I really must read the rest of the Narnia series. I've only read TLTWATW.

Even as a child, I much prefered The Hobbit, though I liked both books quite a bit. I still maintain this is because of my Catholic upbringing (though it was a sort of Catholic lite, as I never went to Catholic school, and my mom was not very into it, and turned Methodist by the time I was about 10).

Even my atheism has a very ex-Catholic flavor to it. I'm quite sure my love of Kevin Smith's Dogma is due to its grounding in Catholicism. My preference for Lord of the Rings, as well.

But then, the teachings of Cathol can be quite moving.


Susan W. - Dec 19, 2007 1:35:25 pm PST #9157 of 10002
Good Trouble and Righteous Fights

I like Lewis better than Tolkien for reasons that have nothing to do with theology and everything to do with their writing. Tolkien's characters always feel apart from me, as if I'm observing them from a distance. With Lewis, I'm either in the characters' heads or right next to them.

When I don't love a book people who know my tastes expect me to enjoy, it's almost always because I feel distant from rather than intimate with the characters. I've never been able to put my finger on what about writing style, POV use, etc. makes the difference, though. E.g., Bernard Cornwell has stated that when he started writing Sharpe he was trying to produce something like the Hornblower series, which he loved--and I can see all those similarities. But still, as a reader, Hornblower leaves me cold because I feel too distant from the characters, while I'm a great big Sharpe fangirl because the character connection is just right.

ETA I'm heretic enough to prefer the LOTR movies to the books because Peter Jackson, the actors involved, etc. did for me what Tolkien's books didn't--enabled me to connect to the characters and care about their fates on a gut level.


omnis_audis - Dec 19, 2007 1:39:28 pm PST #9158 of 10002
omnis, pursue. That's an order from a shy woman who can use M-16. - Shir

Great news GC!! That should make the holiday time a bit merrier.

I was completely oblivious to the Christian thing when I read the books. I've wanted to read them again to get a better sense of them.
Sad to say, but P-C is me. I read the series fresh out of undergrad. I was doing summer stock, and the house host had a TON of books, and saw the whole lot of them and just flipped the pages until they were all read. I recall rolling eyes a few times thinking "o gawd, thats as bad as blind faith in church", but school had fried the brain, and summer stock wasn't helping either, so I didn't hear the clue phone ringing.


Pix - Dec 19, 2007 1:46:28 pm PST #9159 of 10002
We're all getting played with, babe. -Weird Barbie

Huh. Which number in the series was it for you when you were wee? 'Cause it was Book 1 in the editions I was reading as a kid, I'm pretty sure (ah, Narnia! My first ever fandom, back before I knew what fandom was).

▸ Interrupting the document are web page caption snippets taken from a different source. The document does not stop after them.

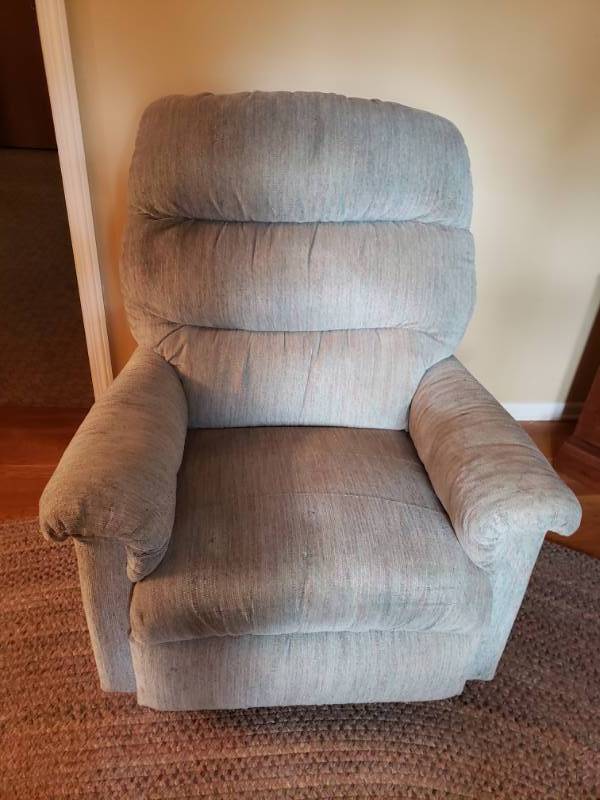 lot 1838 image: Beige Taupe Recliner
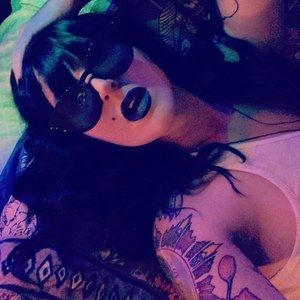 Meet your Posher, Adria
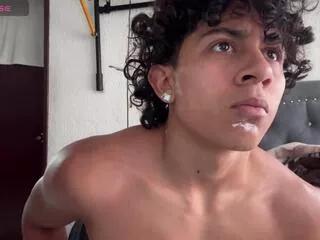 Offline bradley_strong on Flirt4Free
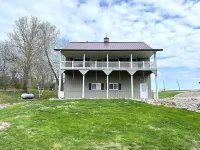 Lake House with a private trail to the beach! - 3 étoiles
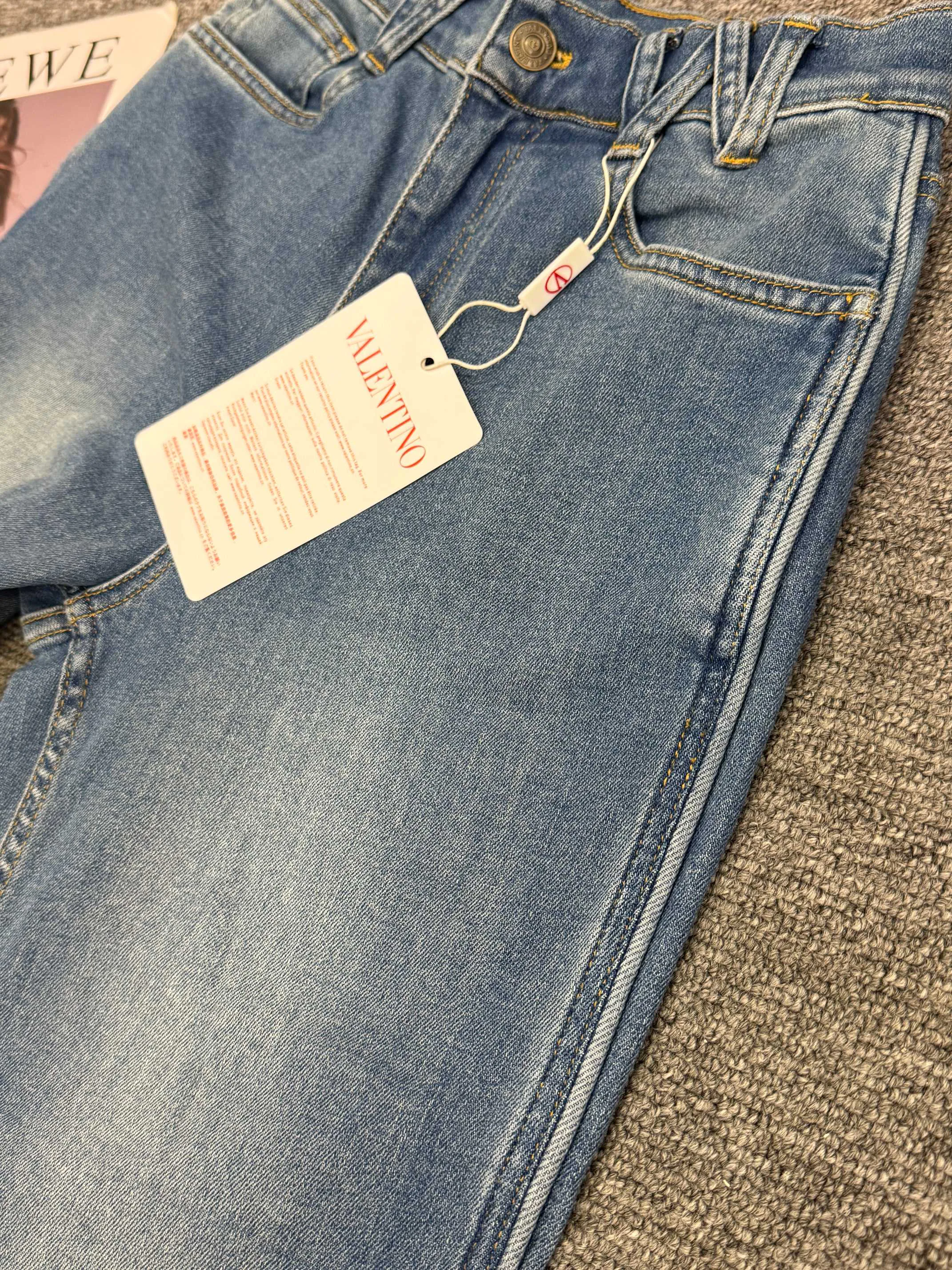 Джинсы Женские Valentino 11622691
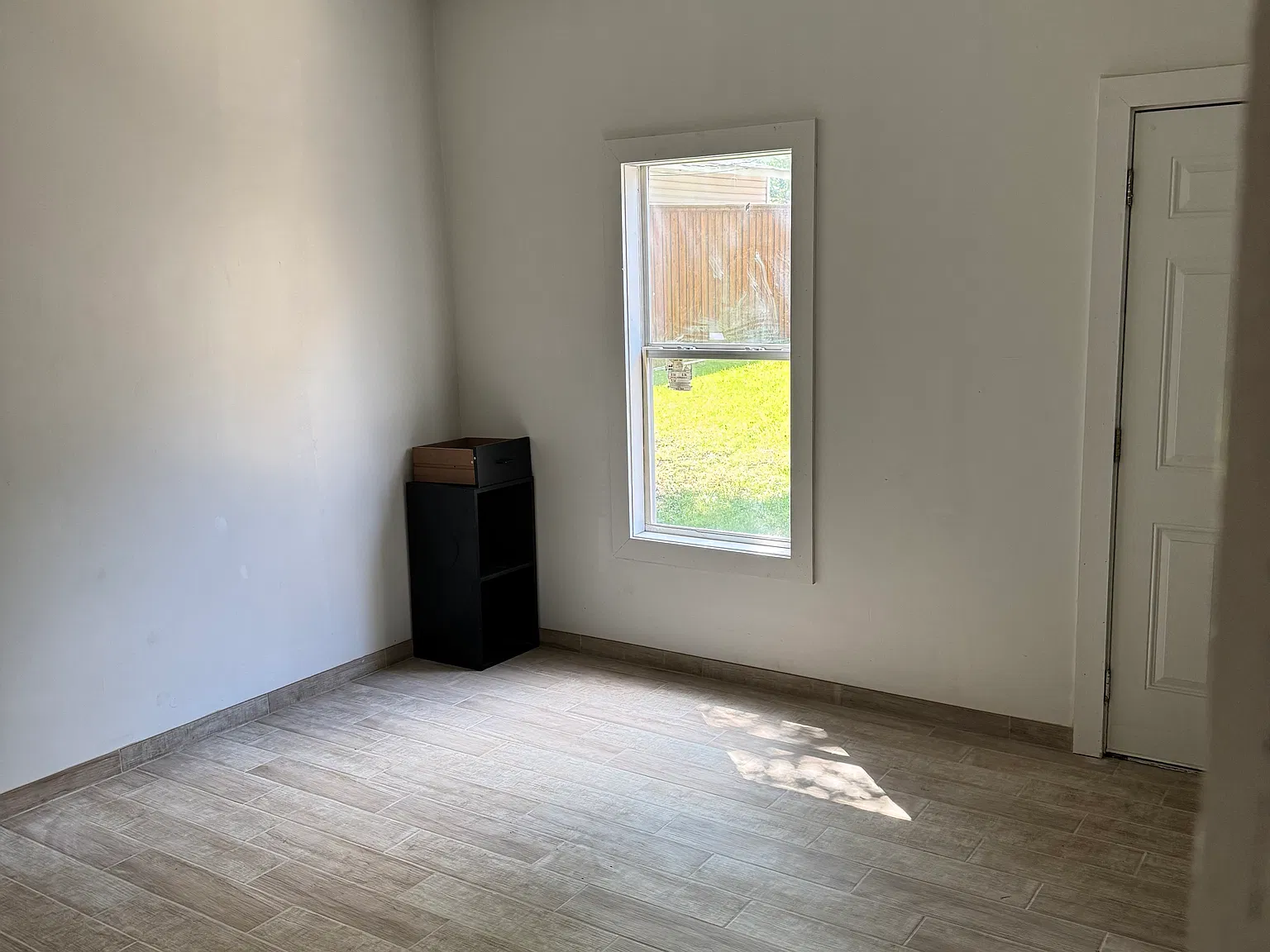 3 bed, 888 sqft, $2,300 — Photo 3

Fay is me. Susan, my series (also from the early 80s) started with TMN, too. To be honest, it always bugged me when people started with TLTWATW because of the whole chronological thing. But I'm weird that way.

Great news, GC!


juliana - Dec 19, 2007 1:47:06 pm PST #9160 of 10002
I’d be lying if I didn’t say that I miss them all tonight…

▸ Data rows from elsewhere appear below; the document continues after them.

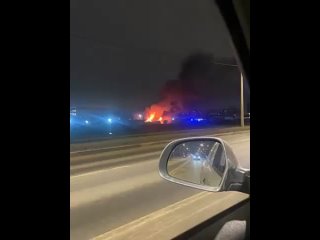 На Митрофаньевском шоссе локализовали пожар в крупном ангаре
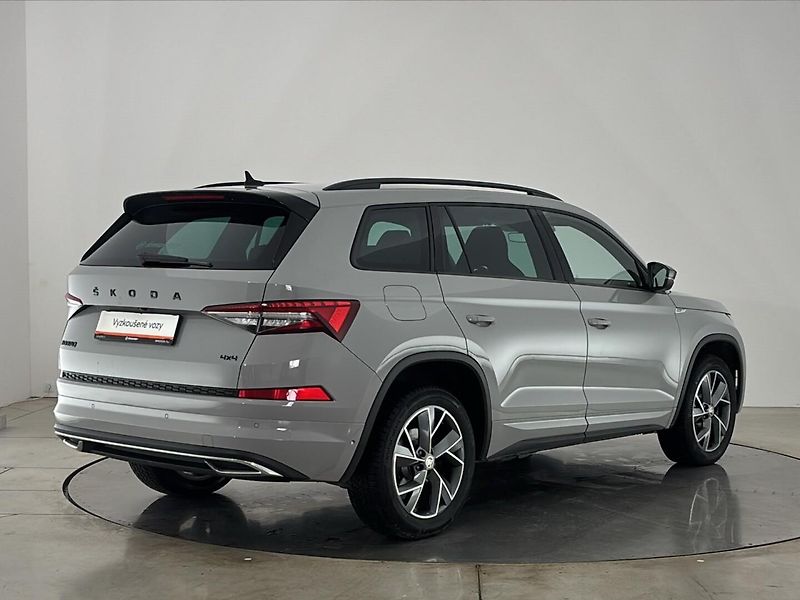 Škoda Kodiaq SportLine 4x4 DSG - fotka 2 z 29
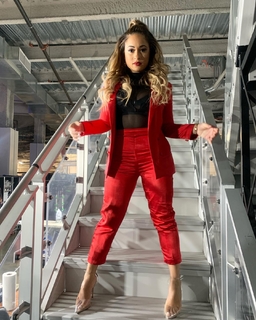 Kayla Becker feet photo thumbnail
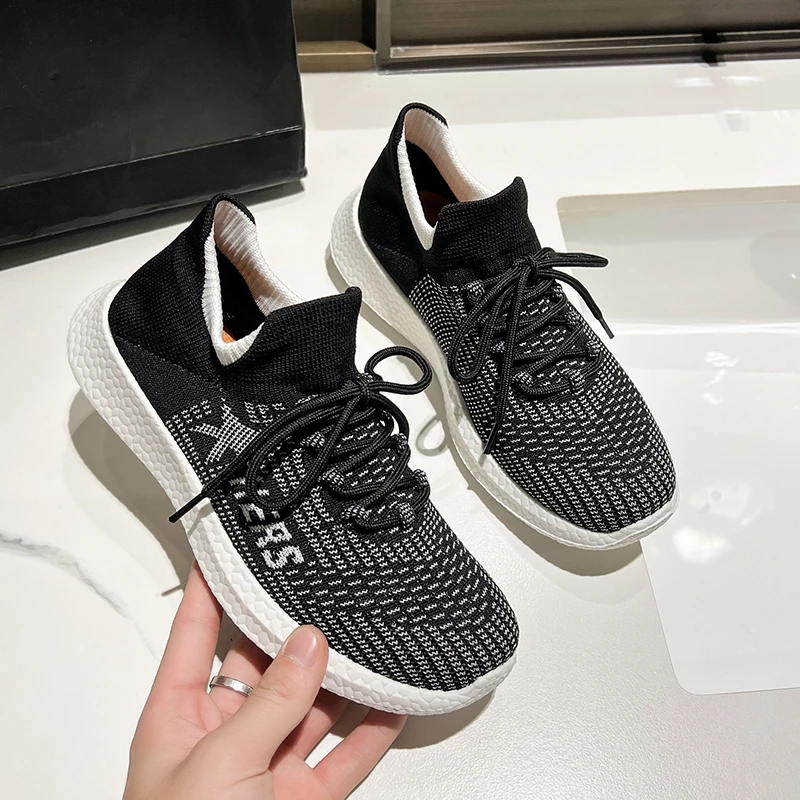 

Женские кроссовки, дышащая сетчатая ткань, новинка 2023, модная уличная удобная женская обувь на плоской подошве, женские кроссовки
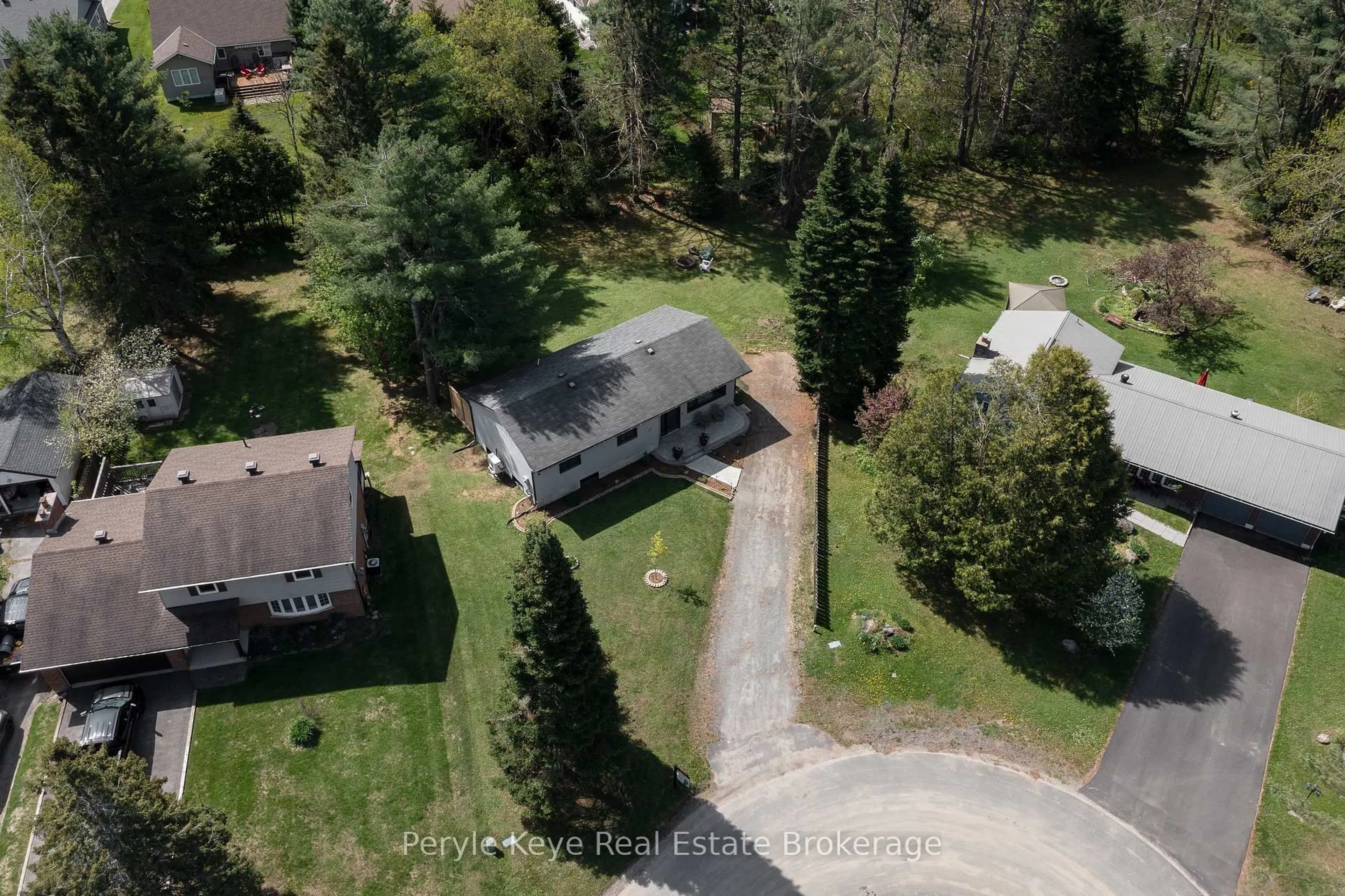 A pic from outside/outdoor area/front of a property/back of a property/a pic from drone, unknown for 38 Andrea Dr, Bracebridge Ontario P1L 1C5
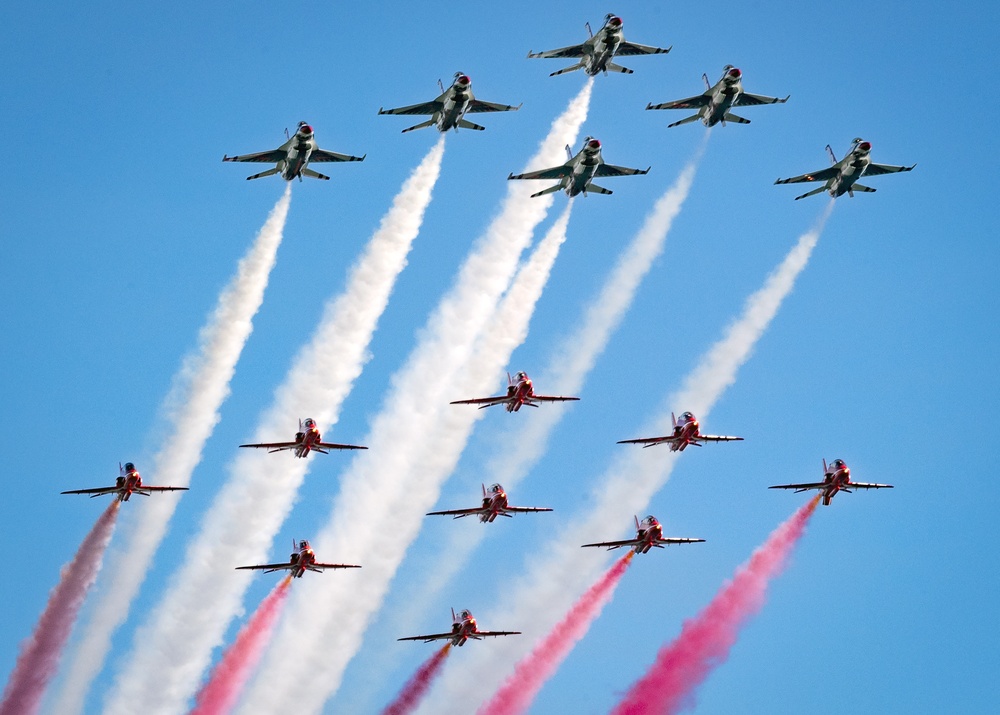 Thunderbirds &amp; Red Arrows close out Great Pacific Airshow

But then, the teachings of Cathol can be quite moving.

Ba-dum-bum.

I am with Susan in preferring the hairy hobbit movies to the books - I quite like technical histories, and I quite like adventures, and I quite dislike a mash-up of the two.

As for faith - for having gone to a Catholic elementary school and a Lutheran college, matters of faith have never touched my inner core. Much like Granny Weatherwax, I'm perfectly happy leaving the gods to do their thing as long as they let me do mine.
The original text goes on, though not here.